#### What this task involves:
For every entry below, give it back exactly and leave out any image.

Records excerpted from a collection:
- Opening Delimiter -

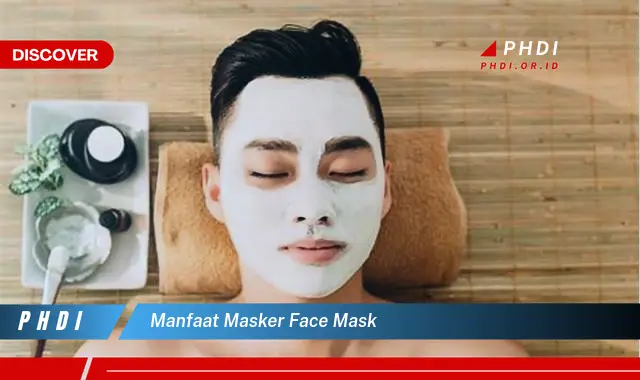 Temukan Manfaat Masker Face Mask yang Jarang Diketahui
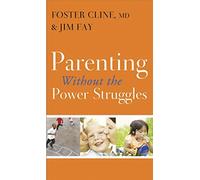 Parenting Without the Power Struggles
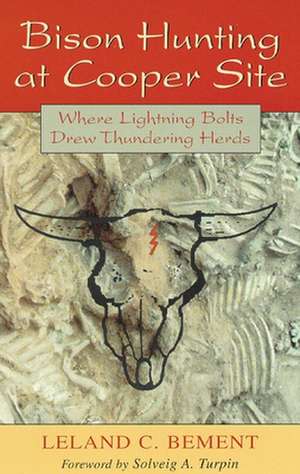 Bison Hunting at Cooper Site: Where Lightning Bolts Drew Thundering Herds de Leland C. Bement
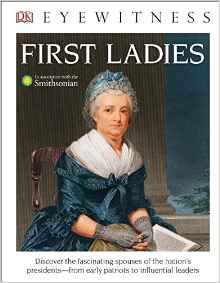 DK Eyewitness Books: First Ladies (Lib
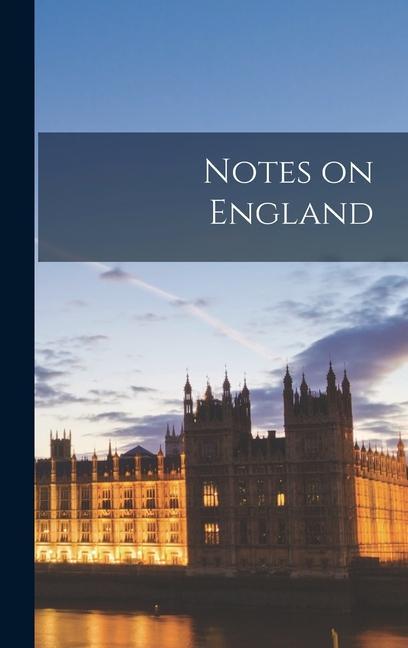 Knjiga Notes on England Anonymous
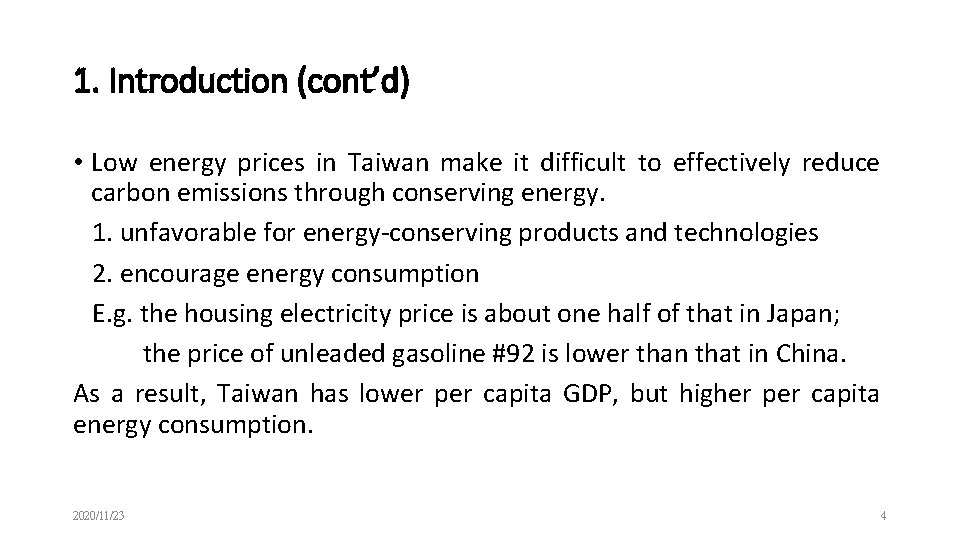 1. Introduction (cont’d) • Low energy prices in Taiwan make it difficult to effectively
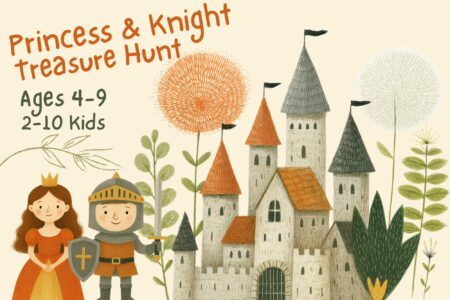 Illustration of a Princess & Knight scavenger hunt for children ages 4–9, showing a magical medieval theme with castle elements and playful adventure vibes.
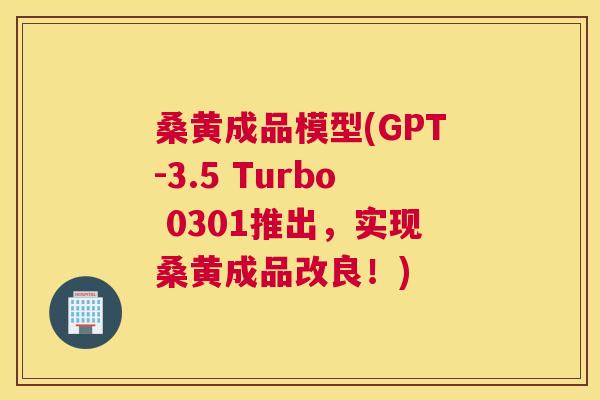 桑黄成品模型(GPT-3.5 Turbo 0301推出,实现桑黄成品改良!) 桑黄成品模型(GPT-3.5 Turbo 0301推出,实现桑黄成品改良!)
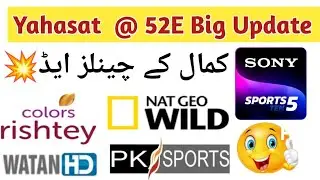 Yahasat-1A @ 52E KU Big Update 2024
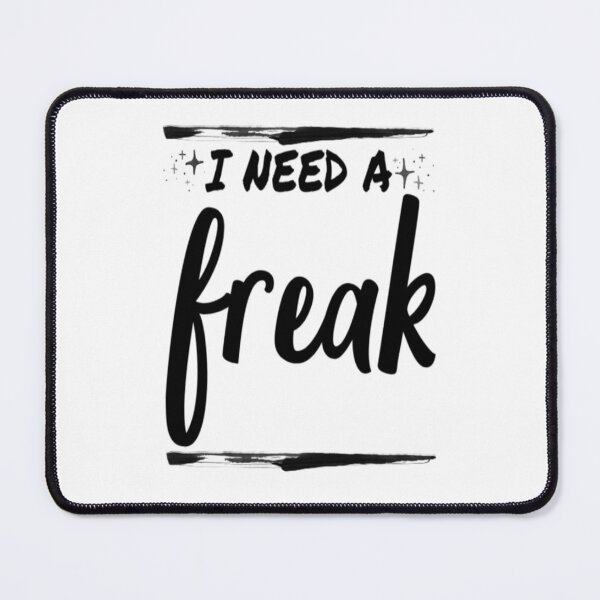 Item preview, I Need A Freak funny designed and sold by TrulyYourss.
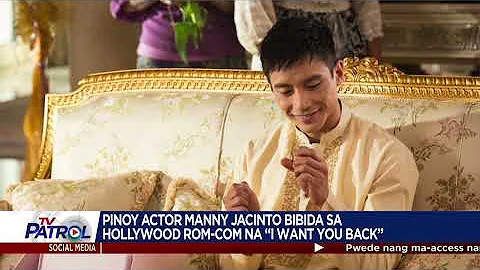 Manny Jacinto bibida sa Hollywood rom-com na 'I Want You Back' | TFC News California, USA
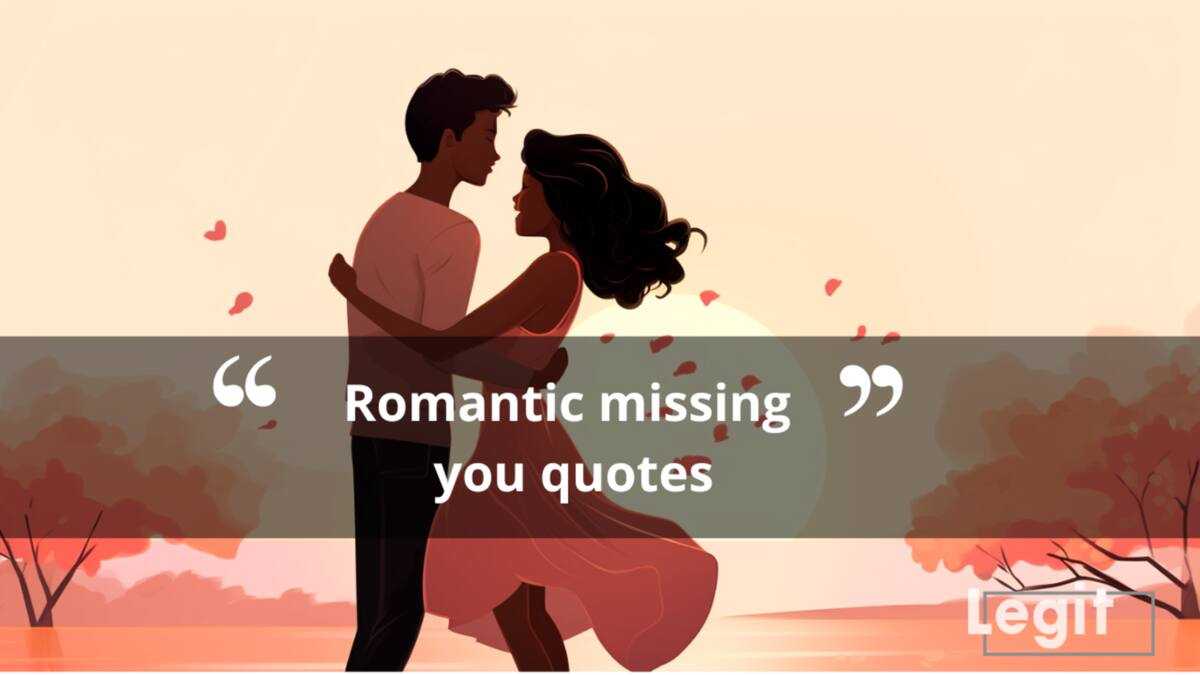 160+ top romantic missing you quotes and messages for her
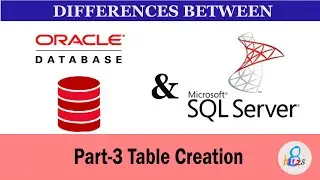 Creating Table - Part 3 - Basics of Oracle and Microsoft SQL Server | Data Migration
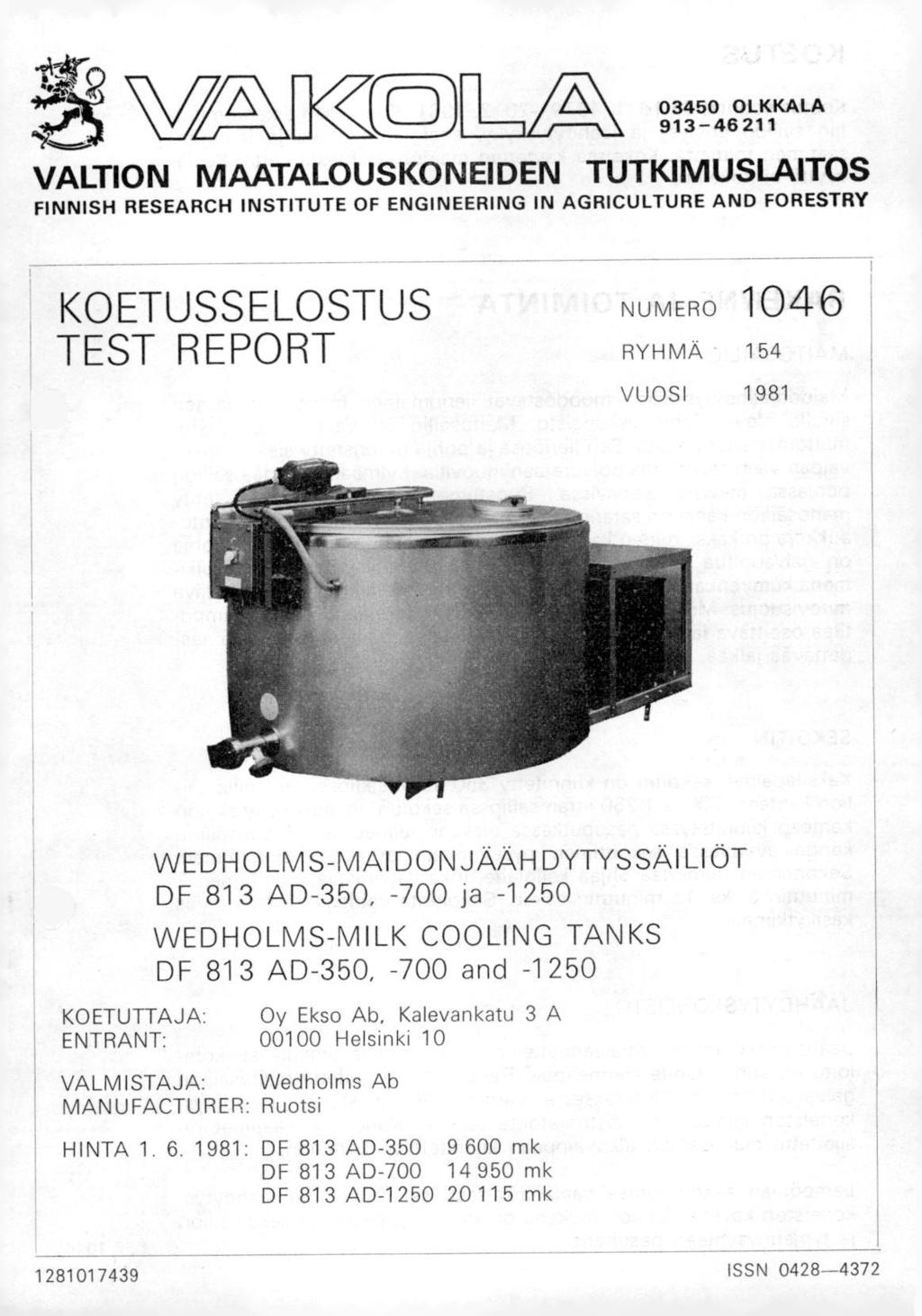 C1K<C: 03450 IKKALA 913-46211 VALTION MAATALOUSKONEIDEN TUTKIMUSLAITOS FINNISH RESEARCH INSTITUTE OF ENGINEERING IN AGRICULTURE AND FORESTRY KOETUSSELOSTUS TEST REPORT NUMERO 1046 RYHMÄ 154 VUOSI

- Closing Delimiter -

#### Task response:
 Temukan Manfaat Masker Face Mask yang Jarang Diketahui
 Parenting Without the Power Struggles
 Bison Hunting at Cooper Site: Where Lightning Bolts Drew Thundering Herds de Leland C. Bement
 DK Eyewitness Books: First Ladies (Lib
 Knjiga Notes on England Anonymous
 1. Introduction (cont’d) • Low energy prices in Taiwan make it difficult to effectively
 Illustration of a Princess & Knight scavenger hunt for children ages 4–9, showing a magical medieval theme with castle elements and playful adventure vibes.
 桑黄成品模型(GPT-3.5 Turbo 0301推出,实现桑黄成品改良!) 桑黄成品模型(GPT-3.5 Turbo 0301推出,实现桑黄成品改良!)
 Yahasat-1A @ 52E KU Big Update 2024
 Item preview, I Need A Freak funny designed and sold by TrulyYourss.
 Manny Jacinto bibida sa Hollywood rom-com na 'I Want You Back' | TFC News California, USA
 160+ top romantic missing you quotes and messages for her
 Creating Table - Part 3 - Basics of Oracle and Microsoft SQL Server | Data Migration
 C1K<C: 03450 IKKALA 913-46211 VALTION MAATALOUSKONEIDEN TUTKIMUSLAITOS FINNISH RESEARCH INSTITUTE OF ENGINEERING IN AGRICULTURE AND FORESTRY KOETUSSELOSTUS TEST REPORT NUMERO 1046 RYHMÄ 154 VUOSI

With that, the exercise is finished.